_Exercise requirements_
Pictures are not part of the answer. Return the lines from the one containing "Pracovní sešit pro" through the end of the data, both included, exactly as they appear.

_Raw data_

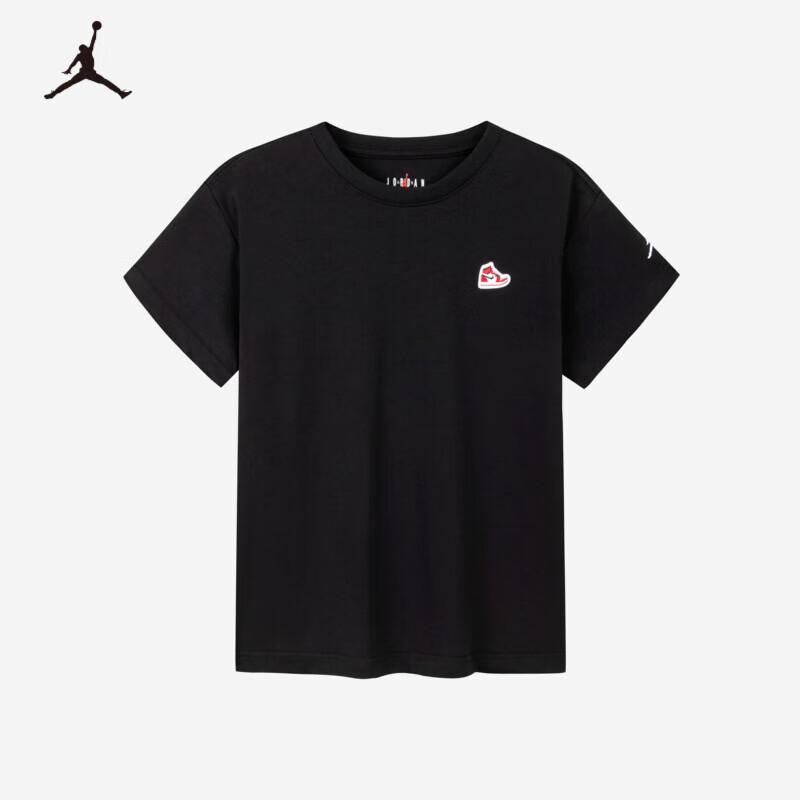 

Детская футболка с коротким рукавом Jordan M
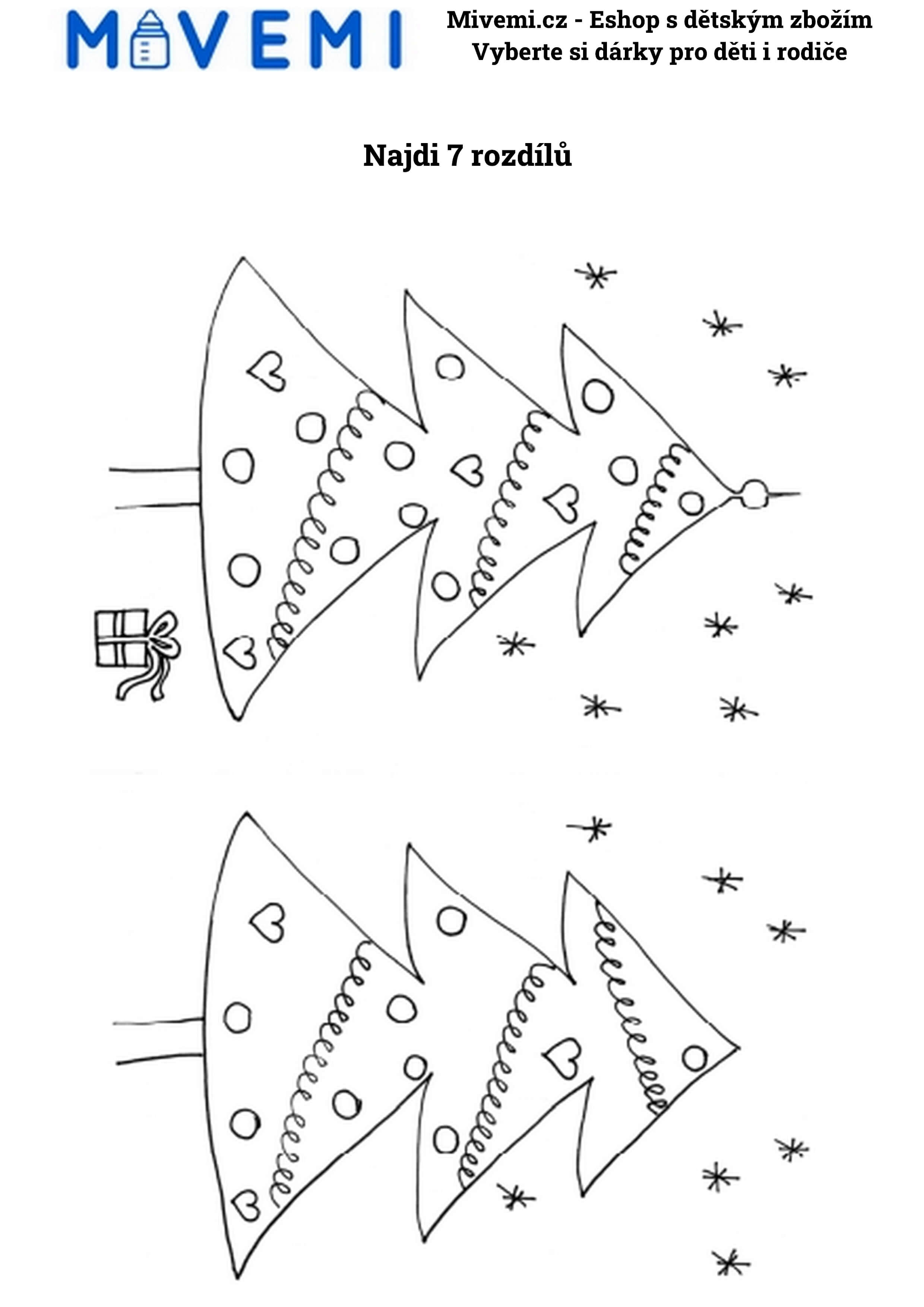 Pracovní sešit pro děti podporující rozvoj koncentrace a pozornosti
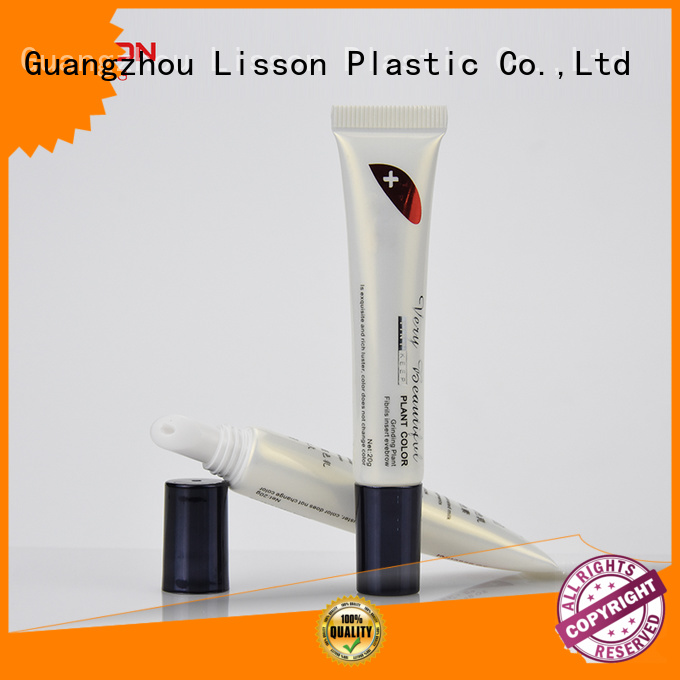 Lisson oem service round lip balm containers by bulk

_Output below_
 Pracovní sešit pro děti podporující rozvoj koncentrace a pozornosti
 Lisson oem service round lip balm containers by bulk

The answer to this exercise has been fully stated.